In dry van operations serving larger retailers, where space allows for a trailer pool, efficiency on the receiving end also can be solved, says Dave Geyer, Schneider vice president for van truckload. “Our position to our customers is that we’d actually much rather get our drivers moving than have to collect detention,” Geyer says. Schneider pays its van drivers hourly after two hours detained, regardless of whether the carrier is able to collect detention. Customers’ reporting or administrative hurdles “can make it difficult to collect.”
In the reefer segment, Marten Transport two years ago instituted guaranteed detention pay on both shipping and receiving ends for both its company drivers and owner-operators. Tim Norlin, Marten recruiting director, says the program pays $20 per hour after the first two hours. “We’re still fighting the same battle” with customers over improving efficiency, Norlin says, “but it’s not fair to have the driver stuck in the middle as always.”
Nearly a third of respondents to Overdrive Online.com polling think more carriers need to take that kind of aggressive approach on collecting detention and distributing it to drivers.

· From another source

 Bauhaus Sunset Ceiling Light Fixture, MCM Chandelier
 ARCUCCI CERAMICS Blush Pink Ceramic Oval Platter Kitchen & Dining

Since putting the program in place more than two years ago, Marten sales staff “have worked very hard during rate negotiations to put verbiage in there as to what’s acceptable in terms of detention, and they’ve had some fair success,” Norlin says. Marten even has walked away from customers that resisted detention pay. “It didn’t make sense economically with the new hours of service,” he says. “Some have come back to us, and they’ve done some things to fix the problem.”
The guaranteed-detention program has translated to greater efficiency across Marten’s operation: Miles per unit rose 9 percent between the second quarter of 2011 and the same quarter this year, “giving drivers an additional $1,000 on average per quarter,” Norlin says.